Les islamistes sont sur le qui-vive. Ils sont en attente d’une concrétisation rapide de la réconciliation nationale et le font savoir de manière empressée à Abdelaziz Bouteflika avant même la proclamation officielle des résultats par le Conseil constitutionnel et la prestation de serment du président réélu, en lui faisant parvenir deux messages clairs en moins de vingt-quatre heures.

Le premier émane de la direction historique du FIS qui a publié un communiqué très éloquent en la matière dimanche soir. Le second, rendu public, hier matin, parvient d’Allemagne où est établi le représentant de la délégation exécutive du parti dissous à l’étranger. Et dans les deux textes transparaît une satisfaction totale des résultats d’une élection dans laquelle ils avaient d’ailleurs misé sur le vainqueur.

Rabah Kébir n’a d’ailleurs pas manqué d’adresser ses félicitations au président Bouteflika pour sa réélection à « une majorité écrasante au cours d’élections propres et libres ». Selon Rabah Kébir, le résultat ne souffre d’aucun doute puisqu’il exprime, selon lui, « la volonté et la soif du peuple de concrétiser la réconciliation nationale totale et sortir définitivement (l’Algérie) de la crise ».

« Elle traduit également la confiance du peuple qui vous considère comme l’homme de la situation et de la réconciliation nationale totale que vous avez défendue avec force et conviction », a-t-il ajouté. Une manière explicite de lui rappeler les raisons pour lesquelles il avait appelé les Algériens à voter en sa faveur quelques jours avant le scrutin. Ce que lui rappelle également la direction du FIS dissous dans son communiqué, mais en d’autres termes puisqu’elle s’interroge quant à elle sur les capacités du président réélu de « concrétiser la réconciliation nationale en dépit des pressions et des empêchements ».

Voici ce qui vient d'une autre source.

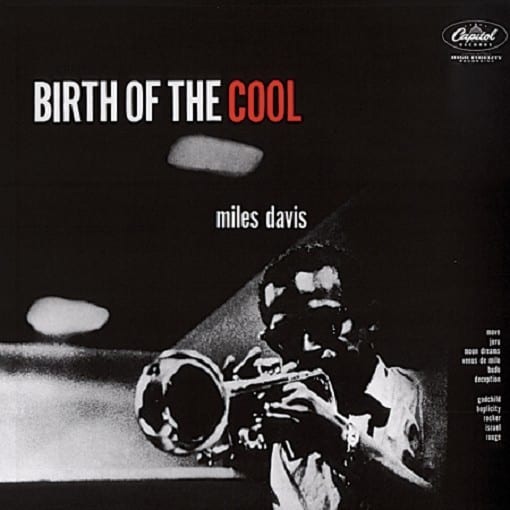 Birth Of The Cool (Compilation)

Le document signé par Abassi Madani, Abdelkader Boukhemkhem, Kamel Guemmazi, Omar Abdelkader et Mourad Dhina, tient, d’autre part, à préciser que l’absence de la signature de Ali Benhadj est uniquement due à l’interdiction qui lui est faite de prendre part à la vie politique. Autrement dit, le communiqué en question bénéficie de son soutien total d’autant qu’il s’attelle à rendre public ce qu’ils attendent de Bouteflika.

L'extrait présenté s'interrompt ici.